*** Begin section ***

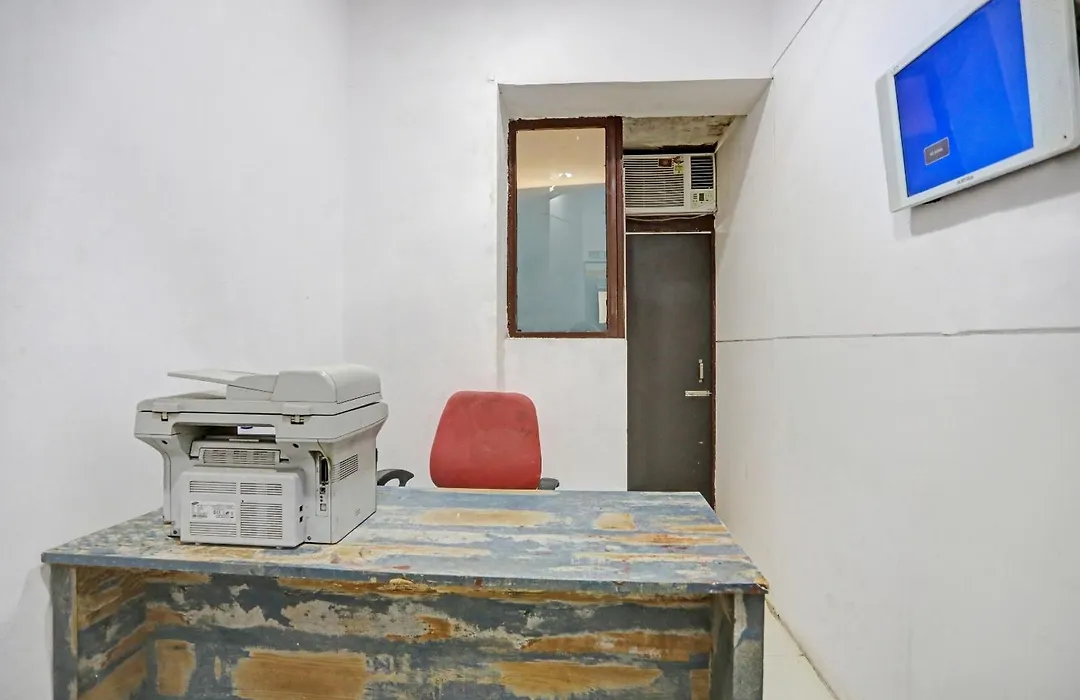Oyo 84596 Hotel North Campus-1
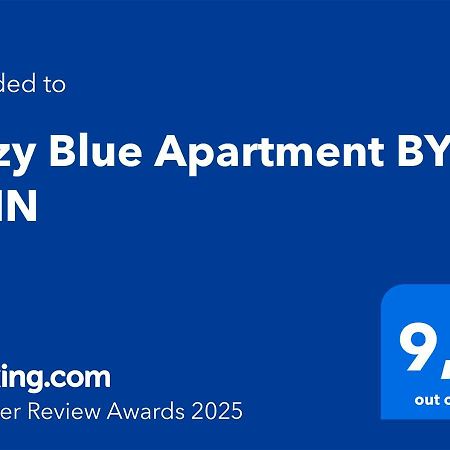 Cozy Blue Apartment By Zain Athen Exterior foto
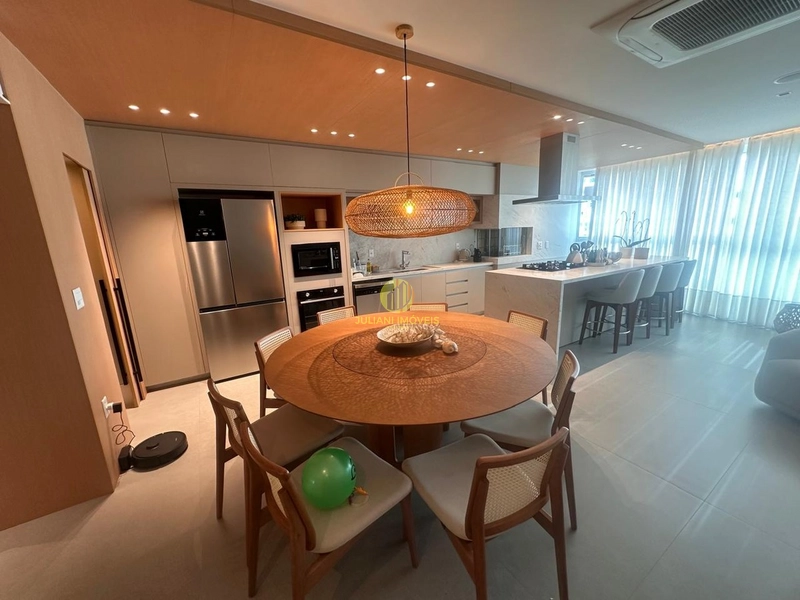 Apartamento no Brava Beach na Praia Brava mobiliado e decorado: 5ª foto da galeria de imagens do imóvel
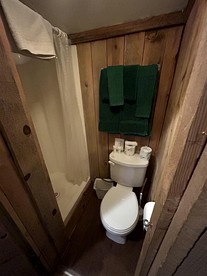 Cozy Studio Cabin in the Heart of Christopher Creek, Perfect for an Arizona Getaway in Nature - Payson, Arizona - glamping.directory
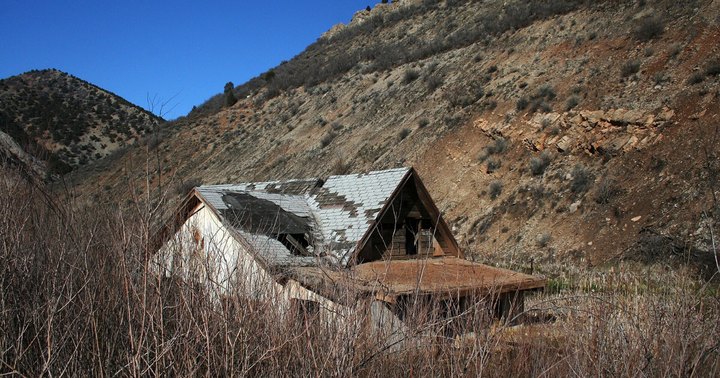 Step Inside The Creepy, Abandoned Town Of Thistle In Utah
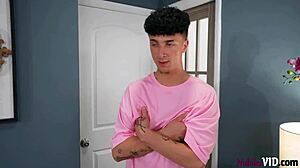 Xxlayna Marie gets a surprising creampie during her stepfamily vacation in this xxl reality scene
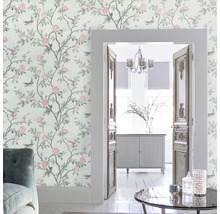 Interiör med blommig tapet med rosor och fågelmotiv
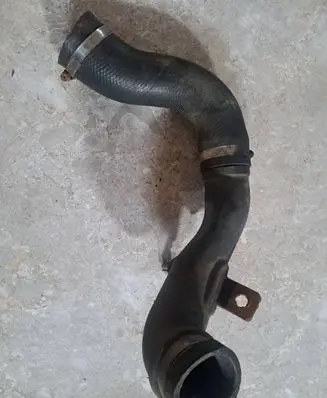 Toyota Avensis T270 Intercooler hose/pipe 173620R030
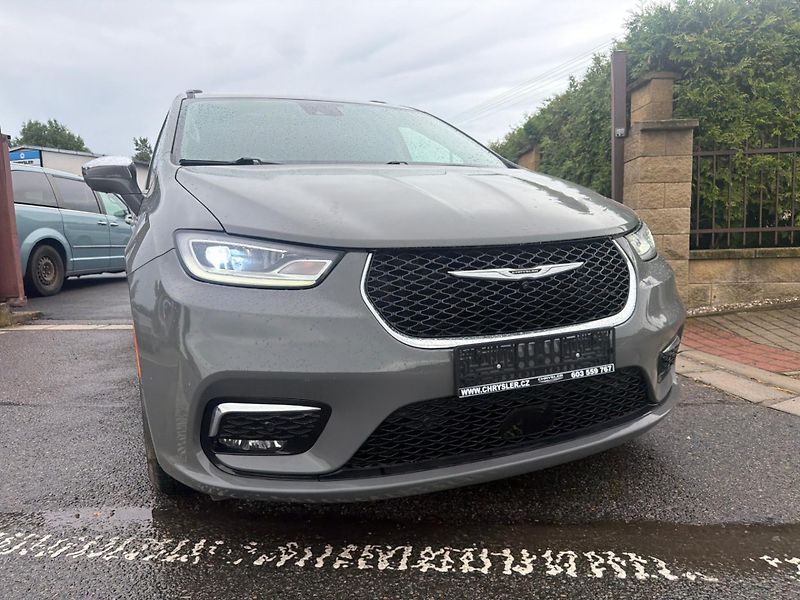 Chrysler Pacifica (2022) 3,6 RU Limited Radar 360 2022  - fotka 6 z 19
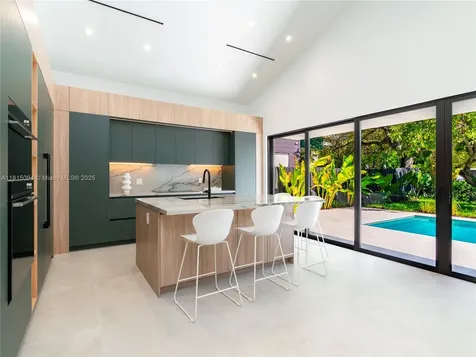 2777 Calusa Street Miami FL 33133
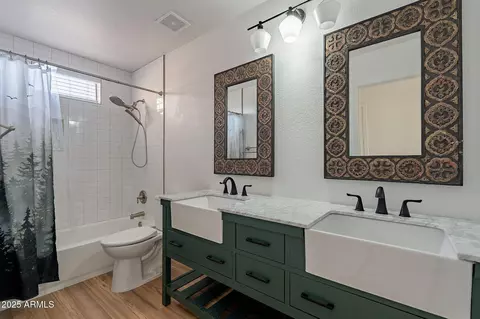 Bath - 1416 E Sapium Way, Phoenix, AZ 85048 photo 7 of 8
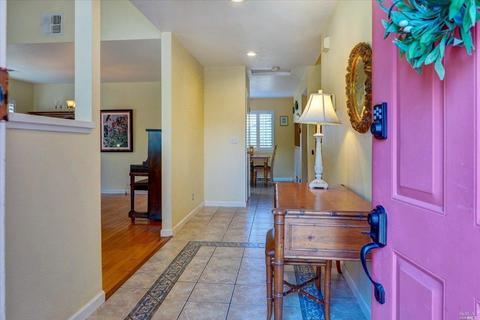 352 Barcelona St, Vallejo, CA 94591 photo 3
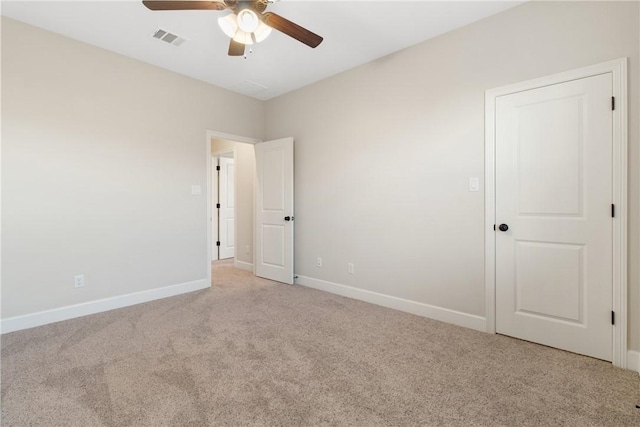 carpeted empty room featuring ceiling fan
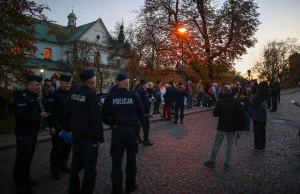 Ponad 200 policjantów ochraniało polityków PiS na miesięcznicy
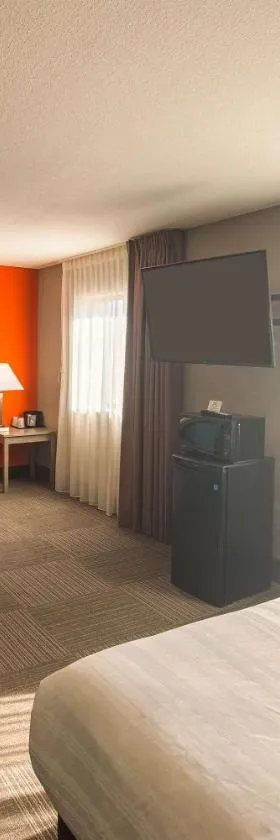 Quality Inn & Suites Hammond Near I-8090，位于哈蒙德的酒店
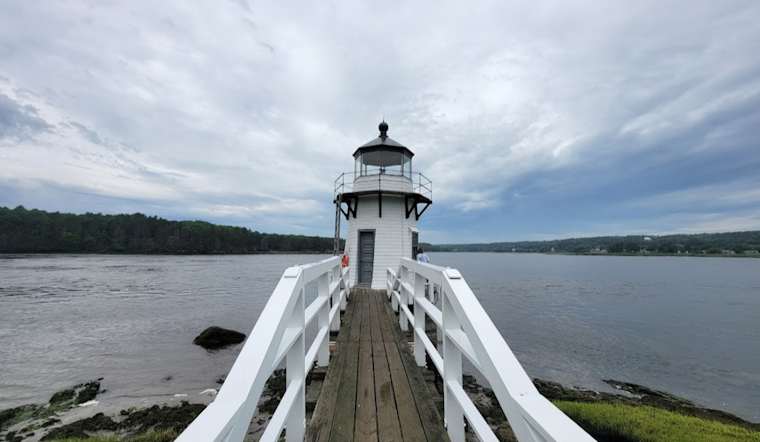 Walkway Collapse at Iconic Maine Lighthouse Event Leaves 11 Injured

*** End section ***

# To do
Give back exactly the lines above from the one with "Apartamento no Brava" through the one with "Toyota Avensis T270", both included. Pictures don't belong in the copy.

# Output
 Apartamento no Brava Beach na Praia Brava mobiliado e decorado: 5ª foto da galeria de imagens do imóvel
 Cozy Studio Cabin in the Heart of Christopher Creek, Perfect for an Arizona Getaway in Nature - Payson, Arizona - glamping.directory
 Step Inside The Creepy, Abandoned Town Of Thistle In Utah
 Xxlayna Marie gets a surprising creampie during her stepfamily vacation in this xxl reality scene
 Interiör med blommig tapet med rosor och fågelmotiv
 Toyota Avensis T270 Intercooler hose/pipe 173620R030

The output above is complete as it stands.